- _Aim of the task_: Give back the data exactly, with no images.

[Dataset excerpts]
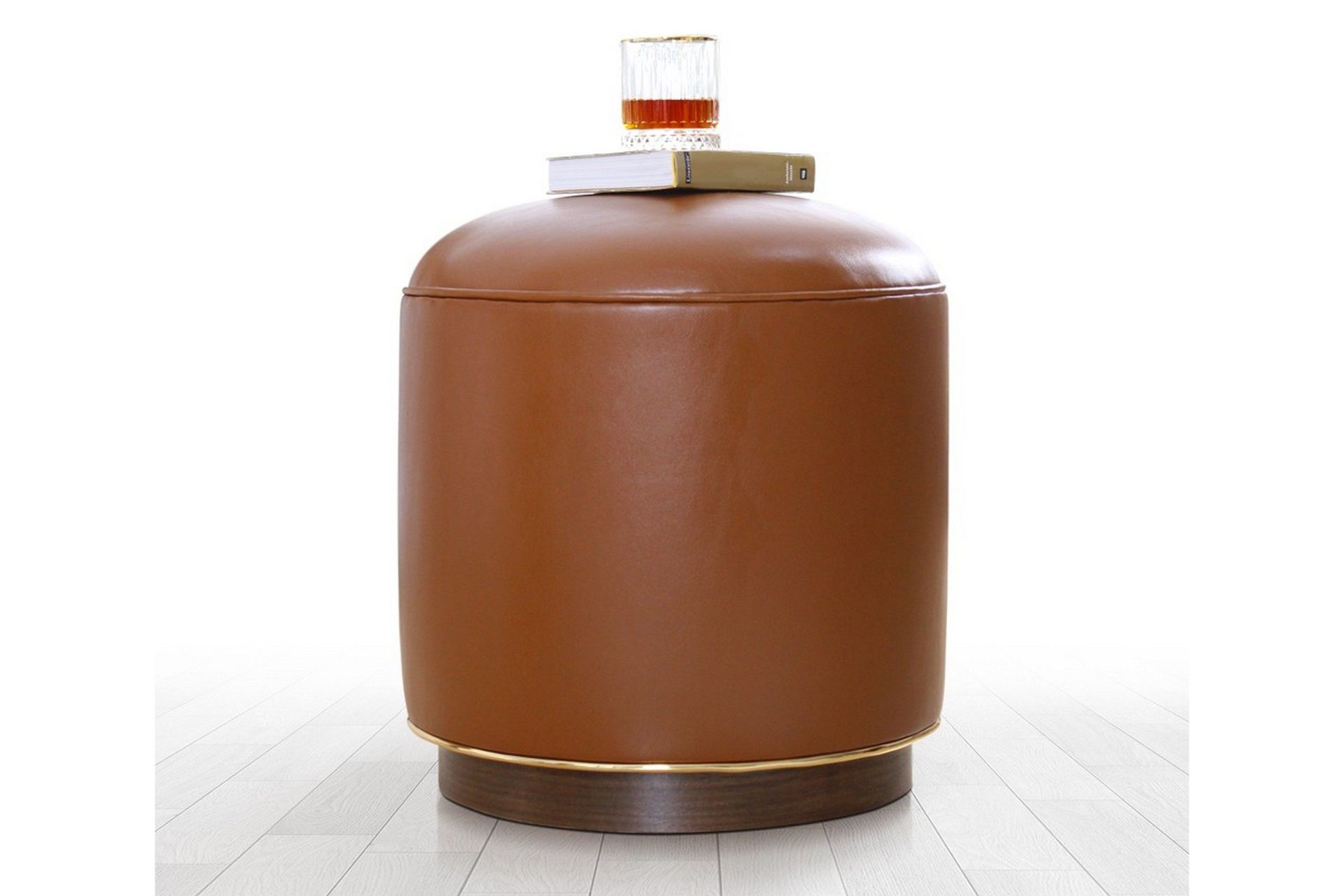 Lackawanna Sittpuff 42 cm - Brun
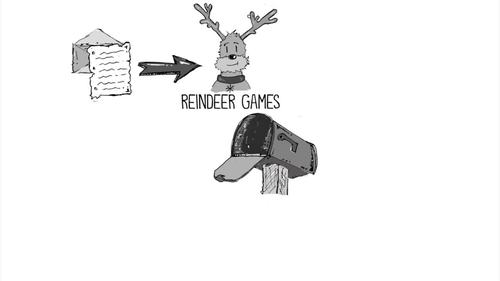 Christmas Escape Room Activity The Reindeer Games By Presto Plans Who ate all the food? christmas escape room activity the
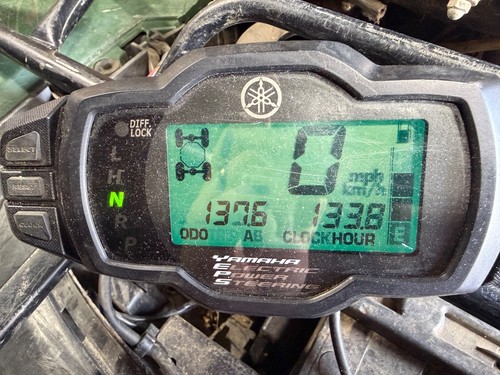Yamaha grizzly 700 550 speedo - 700,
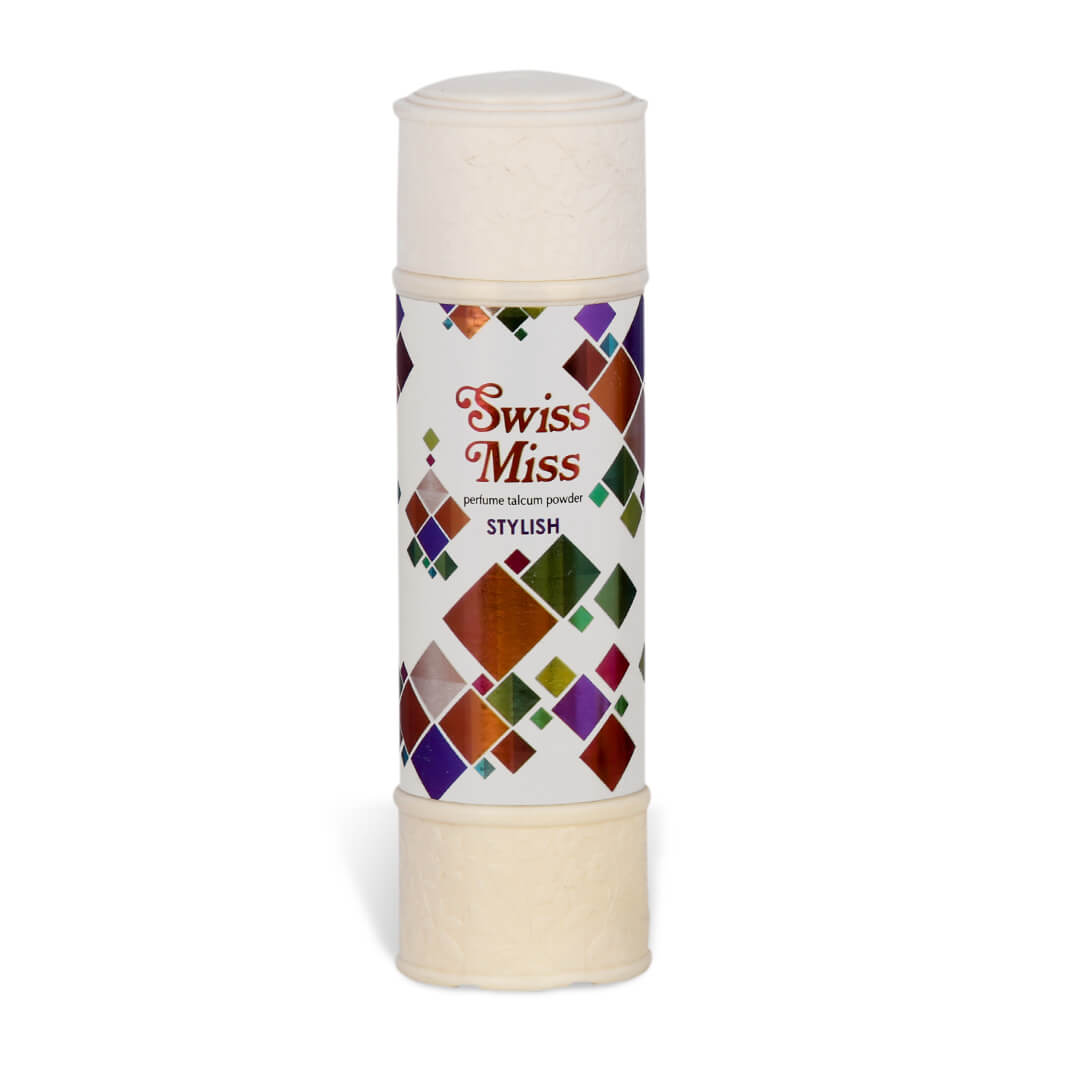 Swiss Miss Stylish Perfumed Talcum Powder
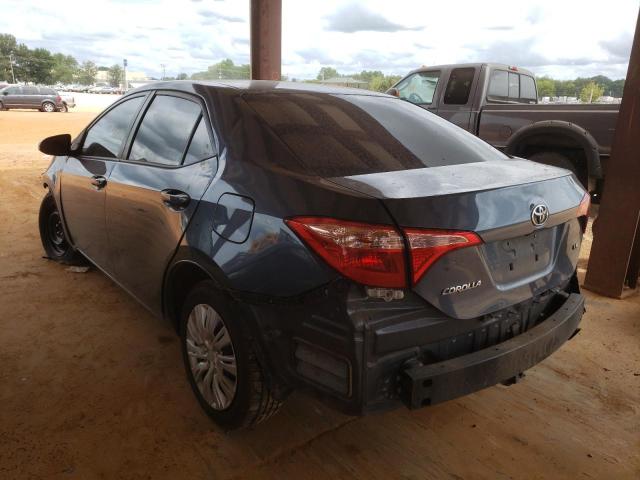 Photo 3 from auction – 2018 TOYOTA COROLLA L with VIN 2T1BURHE4JC058699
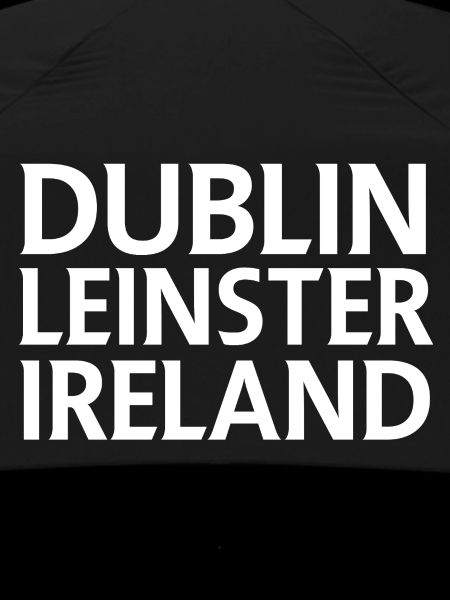 Dublin – Ireland Textdesign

- _Answer to the exercise_:
 Lackawanna Sittpuff 42 cm - Brun
 Christmas Escape Room Activity The Reindeer Games By Presto Plans Who ate all the food? christmas escape room activity the
Yamaha grizzly 700 550 speedo - 700,
 Swiss Miss Stylish Perfumed Talcum Powder
 Photo 3 from auction – 2018 TOYOTA COROLLA L with VIN 2T1BURHE4JC058699
 Dublin – Ireland Textdesign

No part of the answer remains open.